Inauguration d'une plaque commémorative apposée sur la maison où est né le général Langlois, à Besançon

Le 30 novembre 1913

Alfred MÉZIÈRES

INAUGURATION D’UNE PLAQUE COMMÉMORATIVE

APPOSÉE SUR LA MAISON OÙ EST NÉ LE GÉNÉRAL LANGLOIS

À BESANÇON
Le Dimanche 30 novembre 1913.

DISCOURS

DE

M. ALFRED MÉZIÈRES
MEMBRE DE L’ACADÉMIE

 

MESSIEURS,

L’Académie française n’a fait qu’entrevoir le général Langlois. La mort nous l’a enlevé presque tout de suite après sa réception. Nous avons eu le temps néanmoins de reconnaître et de saluer au passage ses grandes qualités morales et intellectuelles.

C’est avant tout une âme de soldat. Les désastres de 1870 avaient laissé dans son esprit une impression ineffaçable. Depuis lors une pensée unique l’obsédait : prévenir le retour de semblables malheurs en perfectionnant notre outillage militaire, en poussant aussi loin que possible, sur la voie du progrès, l’éducation de l’armée française. Lui-même donnait l’exemple et se faisait l’apôtre d’idées soigneusement mûries sur l’emploi de l’artillerie à tir rapide, sur la liaison des différentes armes entre elles, sur les avantages de l’offensive, si conforme au tempérament français et beaucoup trop abandonnée en 1870.

Nous avions alors beaucoup péché par ignorance. Le général Langlois voulait que désormais nous n’ignorions rien de ce que faisaient les armées étrangères. Leur tactique, leur manière de combattre, leurs méthodes devaient être connues de tous nos officiers. Il fallait pour cela multiplier les enseignements. D’abord par l’École de guerre, où il professait, qu’il a même dirigée, puis par les journaux, par des publications militaires. Le général se dévoua à cette œuvre avec une infatigable persévérance. Partout où il pouvait placer quelques lignes il répandait la saine doctrine. Jamais cependant chez lui le théoricien n’étouffait l’homme d’action. C’est bien de savoir, de penser; agir vaut encore mieux. Jamais le général n’a méconnu les vieilles qualités qui ont rendu l’armée française si redoutable l’énergie, l’esprit de décision, l’audace. Il conseillait seulement de s’en servir mieux qu’on ne l’avait fait dans nos dernières épreuves.

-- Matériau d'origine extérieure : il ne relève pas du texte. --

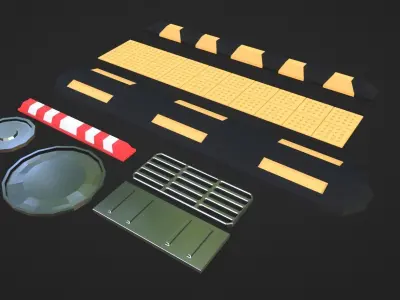 LowPoly CITYSCAPE 100 MODELS Low-poly 3D model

Il disait tout cela dans le langage le mieux approprié aux circonstances, avec simplicité, avec clarté, avec force. Par là il nous appartenait bien, il se montrait digne du choix que l’Académie française avait fait de lui. Il disposait aussi d’un autre moyen d’action, la tribune du Sénat où l’avaient appelé la reconnaissance et l’admiration que la Lorraine conservait pour l’ancien commandant du 20e corps. Chaque fois qu’il prenait la parole, la haute Assemblée l’écoutait avec sympathie et avec respect. Sous le couvert des paroles l’auditoire devinait l’émotion intense de l’orateur, le prix qu’il attachait à la connaissance de la vérité. Il s’agissait pour lui d’une chose sacrée entre toutes : les intérêts de la défense nationale.

L’accent qu’il y mettait, le feu avec lequel il s’exprimait doublaient la force de ses raisonnements. Là encore se révélaient des qualités oratoires dont l’Académie française avait le droit d’être fière.

Malgré la haute situation qu’il occupait, le général Langlois était d’une modestie charmante. Il reportait sur l’armée française tout entière l’honneur que nous lui avions fait en l’élisant. Nous lui répondions qu’en effet nous avions voulu honorer l’armée, mais que nous n’avions pu trouver un meilleur moyen de le faire, qu’en choisissant l’un de ses représentants les plus qualifiés et les plus aimés.

L’image qu’il nous laisse est celle d’un admirable conducteur ou plutôt d’un entraîneur d’hommes. Nous la conservons pieusement comme une partie essentielle de notre patrimoine de gloire.